Now that we've completed one step of gradient descent, let's create a function that we can loop to train more epochs.

In [264]:
def one_step(data, y, params, lr, prn=True):
    pred = data.matmul(params)
    loss = F.mse_loss(pred, y)
    loss.backward()
    with torch.no_grad():
        params -= params.grad * lr
        params.grad = None
    if prn: print(loss.item())
    return pred

Now let's loop this for some training epochs

In [373]:
n_epochs = 10
for i in range(n_epochs):
    one_step(train,y,params,0.01)

0.14759643375873566
0.14759184420108795
0.14758725464344025
0.14758270978927612
0.1475781500339508
0.14757360517978668
0.14756907522678375
0.14756454527378082
0.1475600153207779
0.14755551517009735


Let's now calculate the accuracy of our model.

In [384]:
preds = train.matmul(params)
((preds < 0) == y).float().mean()

tensor(0.5390)

Now let's try creating a neural net instead.
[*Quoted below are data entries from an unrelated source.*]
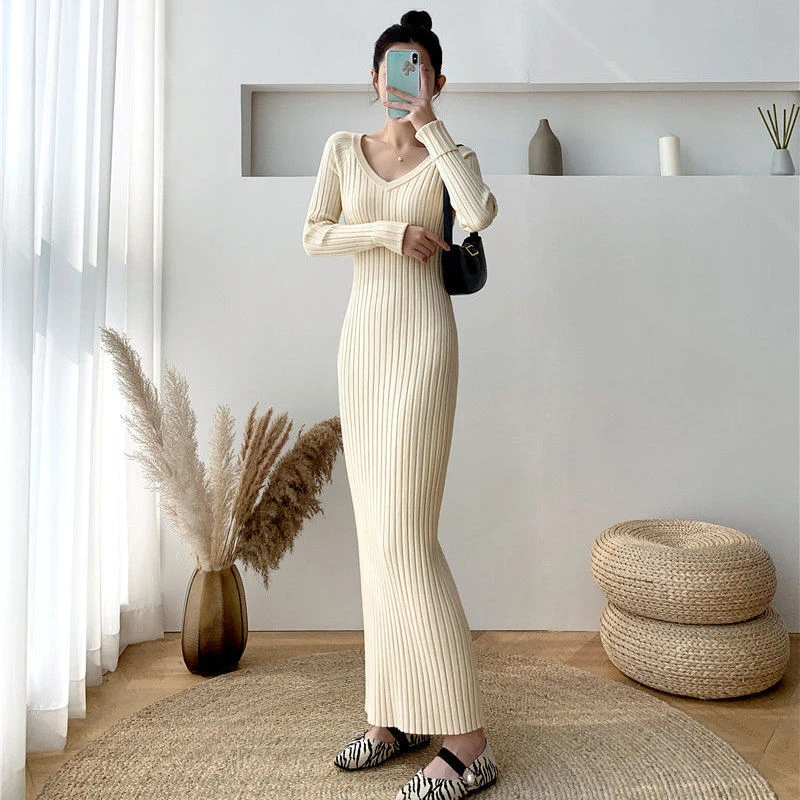 显瘦V领针织连衣裙女秋冬修身包臀打底衫内搭针织毛衣过膝长裙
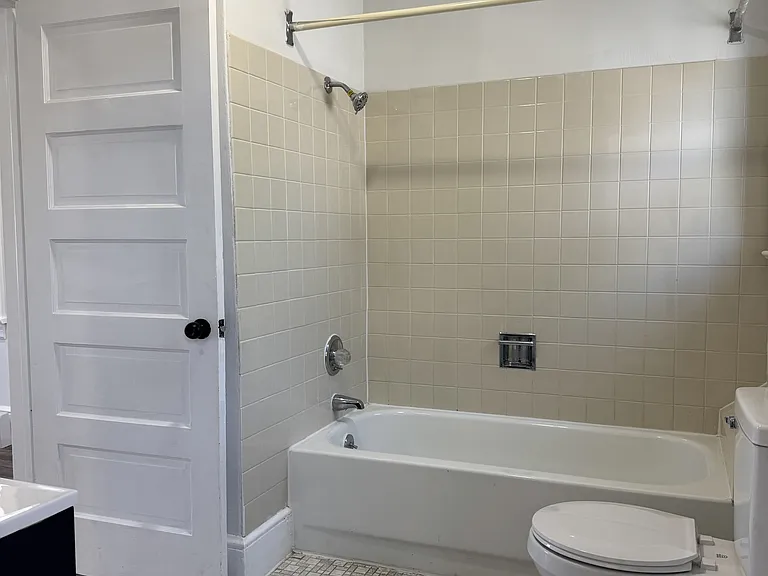 517 Bentley Ave — Photo 14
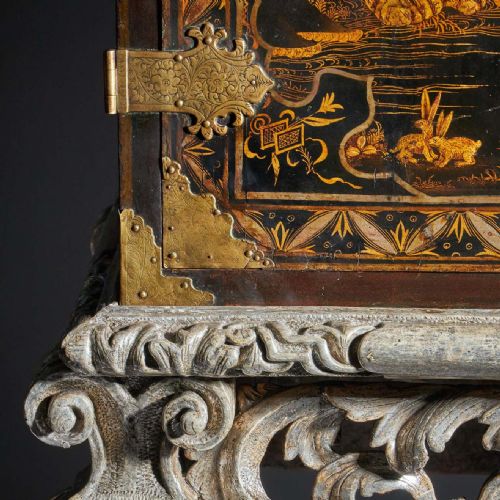 17TH CENTURY WILLIAM AND MARY JAPANNED CABINET ON ORIGINAL SILVER GILT STAND - ADDITIONAL PHOTO 15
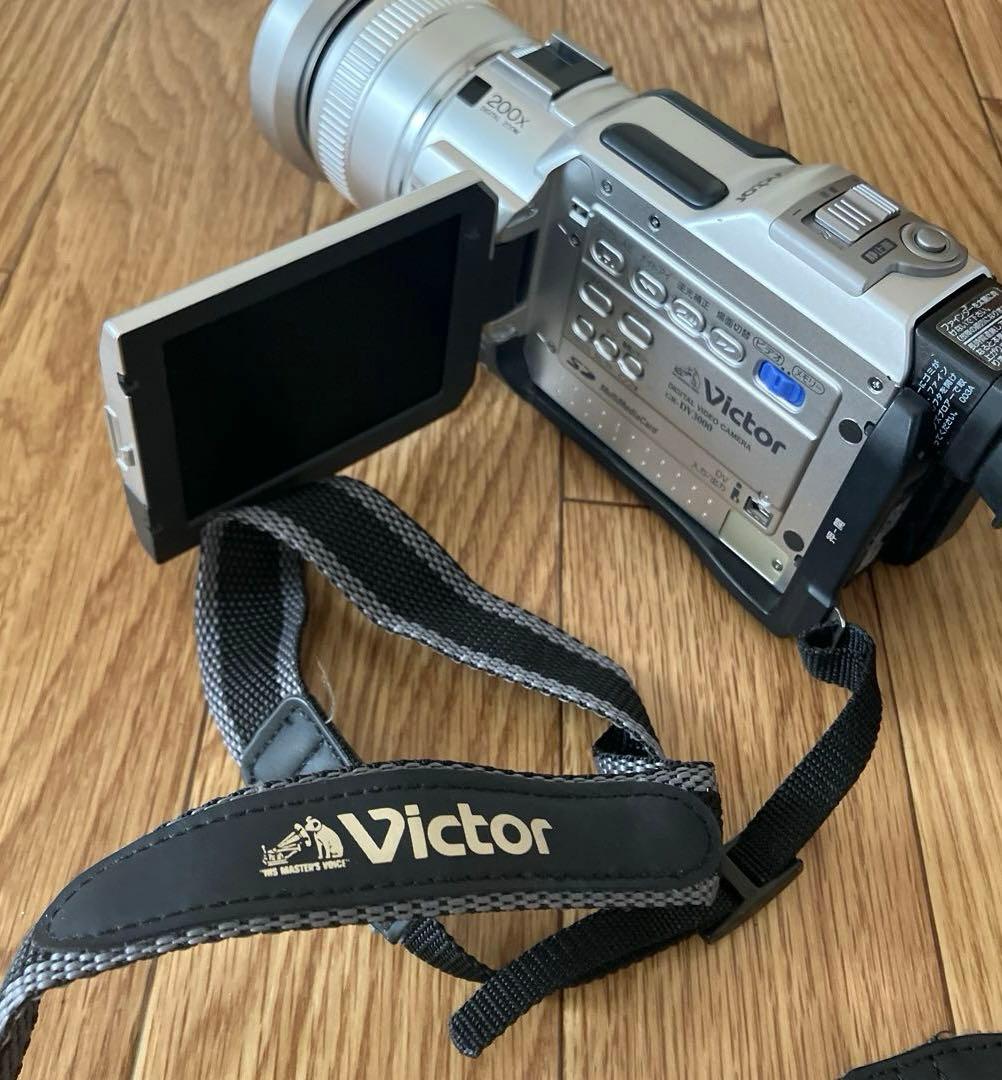 VictorJVC ビデオカメラ GR-DV3000 本体と付属品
The difference is that above we are simply doing a regression and with a neural net there need to be multiple layers. We also need an activation function between the layers, otherwise it is still just one more complicated linear function and thus regression.

### Neural Net

In [390]:
nn_params1 = torch.randn(train.shape[1]).requires_grad_()
nn_params2 = torch.randn(train.shape[1]).requires_grad_()
nn_params1, nn_params2

(tensor([ 0.1044, -0.0250,  0.5872,  0.5903, -0.3698, -0.4453,  0.7028,  1.5119,
          0.4524, -0.2436], requires_grad=True),
 tensor([-2.2570, -0.0250, -1.3394, -0.1588, -1.3354,  1.3935,  0.7422,  0.0720,
         -0.6119, -0.3452], requires_grad=True))

In [397]:
def step_nn(data,y,p1,p2,lr):
    relu1 = data.matmul(p1).clip(min=0)
    relu2 = data.matmul(p2).clip(min=0)
    pred = (relu1 + relu2).reshape(-1,1)
    loss = F.mse_loss(pred, y)
    loss.backward()
    with torch.no_grad():
        p1 -= p1.grad * lr
        p1.grad = None
        p2 -= p2.grad * lr
        p2.grad = None
    print(loss.item())
    return pred

In [400]:
nn_epochs = 20
for i in range(nn_epochs):
    step_nn(train,y,nn_params1,nn_params2,0.01)

0.350899875164032
0.3499789834022522
0.34905850887298584
0.34813618659973145
0.3472136855125427
0.3463018238544464
0.34540051221847534
0.3445095121860504
0.34362417459487915
0.3427416980266571
0.34185707569122314
0.34096217155456543
0.34007716178894043
0.3392018973827362
0.3383362293243408
0.3374800384044647
0.33663323521614075
0.33579567074775696
0.334964781999588
0.334123432636261


Check accuracy of neural net

In [402]:
preds = train.matmul(nn_params1).clip(0) + train.matmul(nn_params2).clip(0)
((preds < 0) == y).float().mean()

tensor(0.5929)

This accuracy is slightly better than our linear regression above which is as expected. However, we are still less than 60% accurate. Note: we are running these accuracy calculations on the training set which is a bad practice. This is simply because this notebook is just for practice and I decided to skip reperforming the data mutations on the test set.